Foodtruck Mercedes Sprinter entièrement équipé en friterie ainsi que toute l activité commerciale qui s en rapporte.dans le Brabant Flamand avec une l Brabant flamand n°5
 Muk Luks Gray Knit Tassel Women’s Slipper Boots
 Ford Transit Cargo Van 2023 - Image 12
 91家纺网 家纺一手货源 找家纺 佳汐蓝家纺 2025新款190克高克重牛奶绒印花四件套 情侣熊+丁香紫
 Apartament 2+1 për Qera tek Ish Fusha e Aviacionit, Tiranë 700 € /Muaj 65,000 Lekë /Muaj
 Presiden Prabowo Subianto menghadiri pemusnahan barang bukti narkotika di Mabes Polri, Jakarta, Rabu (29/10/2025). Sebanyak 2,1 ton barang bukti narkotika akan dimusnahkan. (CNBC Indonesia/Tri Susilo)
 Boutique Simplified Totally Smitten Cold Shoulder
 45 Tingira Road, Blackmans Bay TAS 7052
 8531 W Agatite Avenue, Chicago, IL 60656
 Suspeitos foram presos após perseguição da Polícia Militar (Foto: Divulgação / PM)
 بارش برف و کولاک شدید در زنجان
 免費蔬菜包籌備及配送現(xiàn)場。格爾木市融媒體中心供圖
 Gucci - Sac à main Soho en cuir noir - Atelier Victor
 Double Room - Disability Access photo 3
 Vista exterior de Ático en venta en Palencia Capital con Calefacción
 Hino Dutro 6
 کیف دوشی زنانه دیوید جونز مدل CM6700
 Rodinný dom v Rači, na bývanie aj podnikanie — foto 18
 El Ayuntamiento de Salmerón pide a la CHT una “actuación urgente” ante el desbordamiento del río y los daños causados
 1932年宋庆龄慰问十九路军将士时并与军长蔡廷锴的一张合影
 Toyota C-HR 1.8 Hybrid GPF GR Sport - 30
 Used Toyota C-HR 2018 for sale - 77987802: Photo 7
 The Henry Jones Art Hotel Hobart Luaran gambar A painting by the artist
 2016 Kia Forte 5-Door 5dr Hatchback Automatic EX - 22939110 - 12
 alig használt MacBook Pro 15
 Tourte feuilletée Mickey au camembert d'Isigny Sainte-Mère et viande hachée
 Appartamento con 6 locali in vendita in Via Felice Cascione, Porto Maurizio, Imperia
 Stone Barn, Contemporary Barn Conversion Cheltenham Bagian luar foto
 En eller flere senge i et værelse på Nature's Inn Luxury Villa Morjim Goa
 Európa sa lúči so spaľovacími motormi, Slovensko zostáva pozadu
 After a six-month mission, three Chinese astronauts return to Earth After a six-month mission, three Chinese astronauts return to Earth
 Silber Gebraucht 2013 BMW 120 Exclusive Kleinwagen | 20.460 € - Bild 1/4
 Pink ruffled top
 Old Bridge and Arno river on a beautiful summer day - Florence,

[Exercise description]
Each line of the material should be echoed exactly.

[Task solution]
Foodtruck Mercedes Sprinter entièrement équipé en friterie ainsi que toute l activité commerciale qui s en rapporte.dans le Brabant Flamand avec une l Brabant flamand n°5
 Muk Luks Gray Knit Tassel Women’s Slipper Boots
 Ford Transit Cargo Van 2023 - Image 12
 91家纺网 家纺一手货源 找家纺 佳汐蓝家纺 2025新款190克高克重牛奶绒印花四件套 情侣熊+丁香紫
 Apartament 2+1 për Qera tek Ish Fusha e Aviacionit, Tiranë 700 € /Muaj 65,000 Lekë /Muaj
 Presiden Prabowo Subianto menghadiri pemusnahan barang bukti narkotika di Mabes Polri, Jakarta, Rabu (29/10/2025). Sebanyak 2,1 ton barang bukti narkotika akan dimusnahkan. (CNBC Indonesia/Tri Susilo)
 Boutique Simplified Totally Smitten Cold Shoulder
 45 Tingira Road, Blackmans Bay TAS 7052
 8531 W Agatite Avenue, Chicago, IL 60656
 Suspeitos foram presos após perseguição da Polícia Militar (Foto: Divulgação / PM)
 بارش برف و کولاک شدید در زنجان
 免費蔬菜包籌備及配送現(xiàn)場。格爾木市融媒體中心供圖
 Gucci - Sac à main Soho en cuir noir - Atelier Victor
 Double Room - Disability Access photo 3
 Vista exterior de Ático en venta en Palencia Capital con Calefacción
 Hino Dutro 6
 کیف دوشی زنانه دیوید جونز مدل CM6700
 Rodinný dom v Rači, na bývanie aj podnikanie — foto 18
 El Ayuntamiento de Salmerón pide a la CHT una “actuación urgente” ante el desbordamiento del río y los daños causados
 1932年宋庆龄慰问十九路军将士时并与军长蔡廷锴的一张合影
 Toyota C-HR 1.8 Hybrid GPF GR Sport - 30
 Used Toyota C-HR 2018 for sale - 77987802: Photo 7
 The Henry Jones Art Hotel Hobart Luaran gambar A painting by the artist
 2016 Kia Forte 5-Door 5dr Hatchback Automatic EX - 22939110 - 12
 alig használt MacBook Pro 15
 Tourte feuilletée Mickey au camembert d'Isigny Sainte-Mère et viande hachée
 Appartamento con 6 locali in vendita in Via Felice Cascione, Porto Maurizio, Imperia
 Stone Barn, Contemporary Barn Conversion Cheltenham Bagian luar foto
 En eller flere senge i et værelse på Nature's Inn Luxury Villa Morjim Goa
 Európa sa lúči so spaľovacími motormi, Slovensko zostáva pozadu
 After a six-month mission, three Chinese astronauts return to Earth After a six-month mission, three Chinese astronauts return to Earth
 Silber Gebraucht 2013 BMW 120 Exclusive Kleinwagen | 20.460 € - Bild 1/4
 Pink ruffled top
 Old Bridge and Arno river on a beautiful summer day - Florence,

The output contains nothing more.